Fortified wines from Madeira, slowly baked in sub-tropical heat for long aging, could be found in about any gentleman’s house in the American colonies and during the early years of the Republic—shipped to New York or Philadelphia in wooden barrels and then sealed in bottles and five-gallon demijohns for safe keeping.

Now a cache of about 20 bottles and four demijohns rediscovered in a small New Jersey museum last year will go under the gavel at Christie’s in New York on December 7, whetting the bidding appetites of Madeira lovers worldwide. Christie’s previewed some of the bottles in New York this week.

Since 1811, John Kean Sr.’s family owned a 1770’s mansion located in Union, N.J., but, after his parents’ death, Kean decided to turn his former home into the Liberty Hall Museum on the Kean University campus. Coming from a family of politicians, Kean says there were “always bottles stored around the house” for entertaining.

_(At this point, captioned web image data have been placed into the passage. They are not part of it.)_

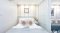 Regent Home7/2 บางนา • ขนาด 31ตร.ม. ชั้น6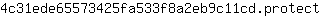 4***t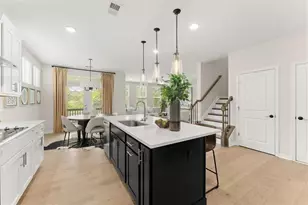 15 Lakeside Way NE, Cartersville, GA 30121 - Photo 9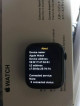 Apple Watch Series 8 promax 2022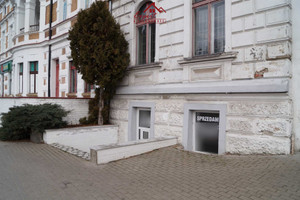 Iława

Last year, he was looking for more museum space, so he decided to throw out a bunch of full and empty demijohns stored in the attic, figuring that the wine had gone bad over the centuries. He also opened what he thought was an unused closet and found a room with more bottles. Fortunately, he asked for professional help before letting his staff turn the emptied demijohns into lamp bases.

Among the wines previewed this week were a drier Madeira sercial from 1846 and a lightly sweeter verdelho from the same period. Both still had haunting dried fruit flavors and great balancing acidity. Some of the older, smaller bottles dated back to the late 1790’s. Officials from the Madeira Wine Company and the Portuguese Cork Association were on hand to validate the wines and to give the old bottles fresh corks.

Auction bonus: Four of the demijohns turned out to be 19th Century Bourbons, and they will also be auctioned. Kean and the museum are keeping some of the wine for a new Liberty Hall exhibit appropriately titled, “History in a Bottle.”